Dans cette position,
j'attendis le jour : Wavres et Bielge étaient occupés par les Prussiens.
Le 19 à trois heures du matin, ils attaquèrent à leur tour, voulant
profiter de la mauvaise position où j'étais, et prétendant me rejeter
dans le défilé, enlever l'artillerie qui avait débouché et me faire
repasser la Dyle. Leurs efforts furent inutiles ; l'intrépidité
des troupes mit à même de repousser toutes les attaques, de culbuter
les Prussiens et de faire enlever par le division Teste le village
de Bielge ; le brave général Penne y fut tué.
Le général Vandamme
faisant alors passer par Bielge une de ses divisions, enleva sans
peine les hauteurs de Wavres, et sur toute ma ligne le succès
fut complet. J'étais en avant de Rozierne, me disposant à marcher
sur Bruxelles, lorsque j'ai reçu la douloureuse nouvelle de la perte
de la bataille de Waterloo. L'officier qui me l'apporta me dit que
V.M.. se retirait sur la Sambre, sans pouvoir préciser sur quel
point il entrait dans ses vues que je me dirigeasse. Engagé sur
toute ma ligne, je cessai de poursuivre, et préparai mon mouvement
rétrograde. L'ennemi en retraite ne songea pas à me suivre. Je marchai
jusqu'à Temploux et Gembloux ; ayant ma cavalerie légère à Mari
de Saint-Denis et mes dragons sur Namur. Apprenant que l'ennemi
avait déjà passé la Sambre et se trouvait sur mon flanc ; n'étant
pas assez fort pour opérer une diversion utile pour l'armée de V.M..

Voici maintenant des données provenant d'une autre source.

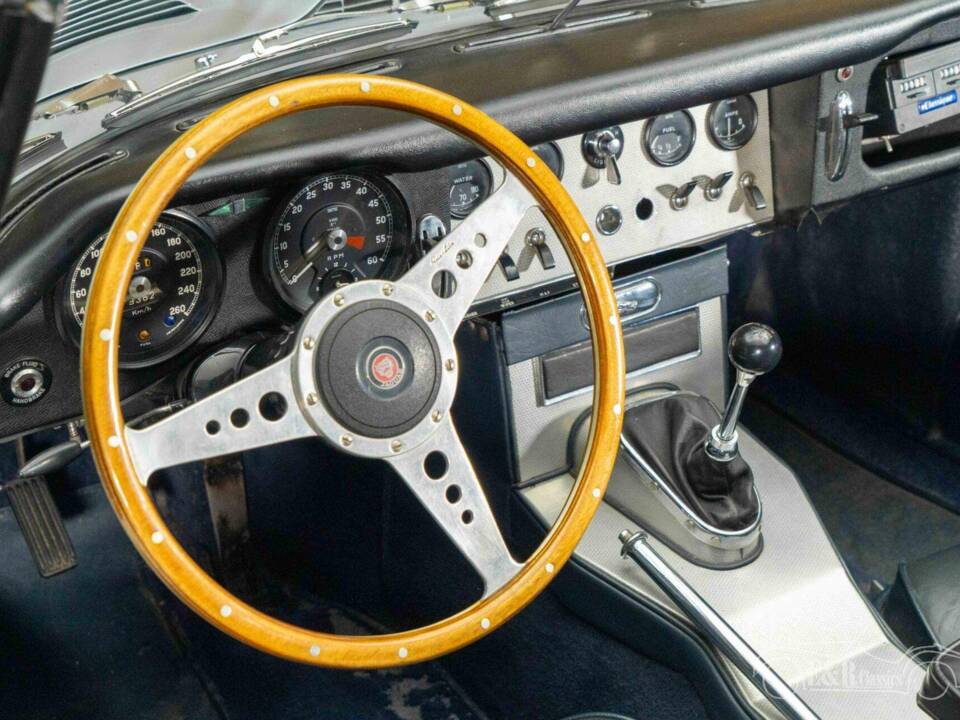 Bild 13/19 von Jaguar E-Type 3.8 (1961)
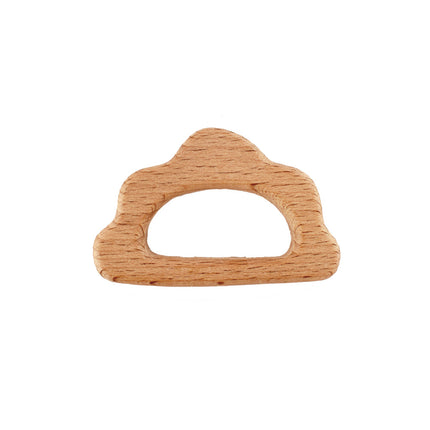 Cloud Wooden Craft Shape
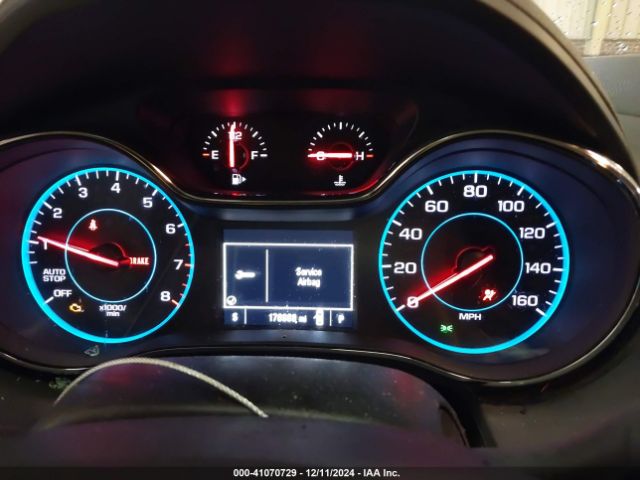 1G1BC5SM9J7148985 Chevrolet Cruze Ls Auto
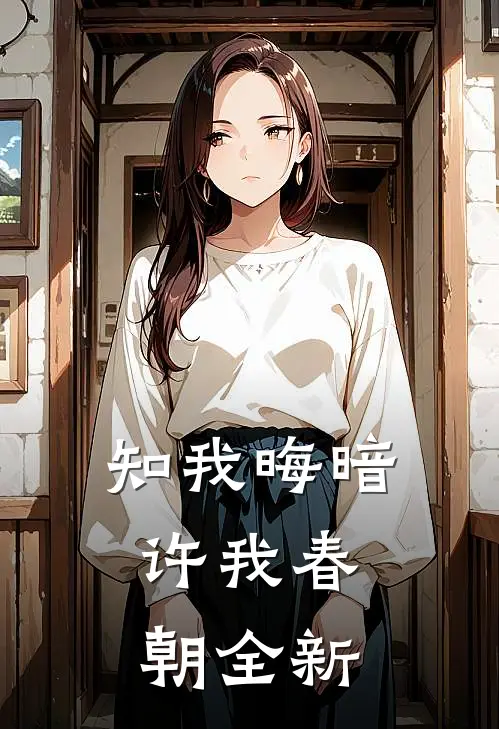 知我晦暗，许我春朝全新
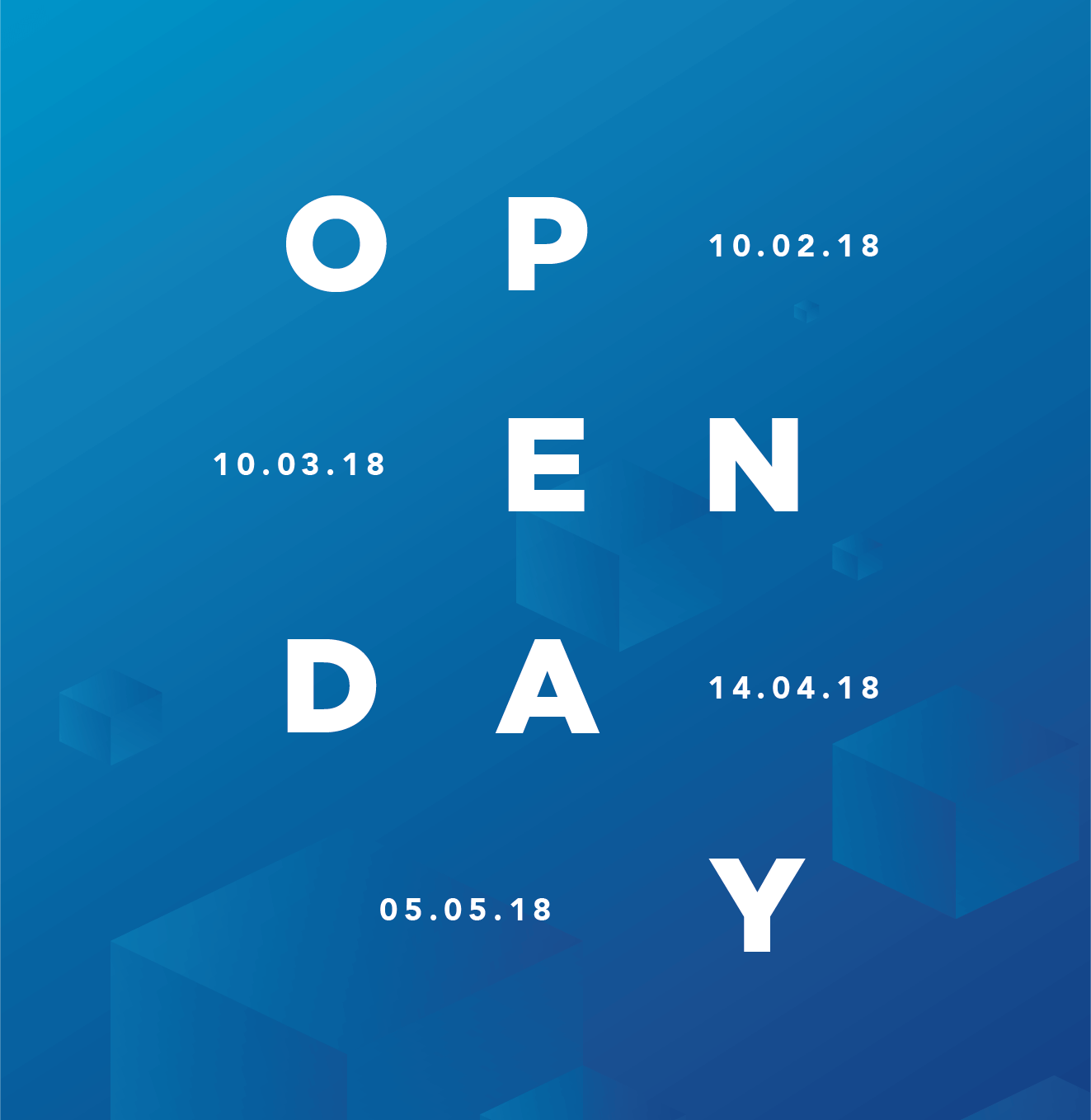 Open Day LABA 2018/19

sans compromettre celle que je commandais, je marchai sur Namur
; le 4e corps par la route de Namur à Charleroi, et le 3e par celle
directe qui y conduit de Temploux. Dans ce moment les queues des
deux colonnes furent attaquées ; celle de droite ayant fait son
mouvement rétrograde plus tôt qu'on ne s'y attendait compromit un
instant la retraite de celle de gauche. De bonnes dispositions réparèrent
tout ; deux pièces qui avaient été prises furent reprises par le
brave 20e de dragons, sous les ordres du colonel Briqueville, qui
enleva en outre un obusier à l'ennemi. Les faibles carrés du .....

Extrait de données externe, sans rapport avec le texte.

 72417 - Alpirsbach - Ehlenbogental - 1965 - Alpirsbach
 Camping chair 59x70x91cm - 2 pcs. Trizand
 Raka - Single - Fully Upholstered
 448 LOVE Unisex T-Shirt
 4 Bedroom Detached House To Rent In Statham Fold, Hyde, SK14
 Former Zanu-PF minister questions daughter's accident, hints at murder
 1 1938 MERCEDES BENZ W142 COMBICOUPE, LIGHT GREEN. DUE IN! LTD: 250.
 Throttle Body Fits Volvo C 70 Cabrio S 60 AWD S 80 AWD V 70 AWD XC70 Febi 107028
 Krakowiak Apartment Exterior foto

régiment, chargés par une cavalerie nombreuse, l'attendirent à bout
portant, lui firent essuyer une perte énorme, et prouvèrent ce que
peuvent de bonnes dispositions, jointes à une attitude calme et
un feu bien dirigé. La cavalerie ennemie, chargée à son tour par
le 1er de hussards aux ordres du maréchal-de-camp Clary, laissa
en nos mains nombre de prisonniers. Tout rentra donc sans perte
dans Namur. Le long défilé qui règne depuis cette place jusqu'à
Dinan, défilé où l'on ne peut marcher que sur une seule colonne,
et les embarras résultant des nombreux transports de blessés que
je conduisais avec moi, rendaient nécessaire de tenir longtemps
la ville, où je ne trouvai pas les moyens de faire sauter le pont.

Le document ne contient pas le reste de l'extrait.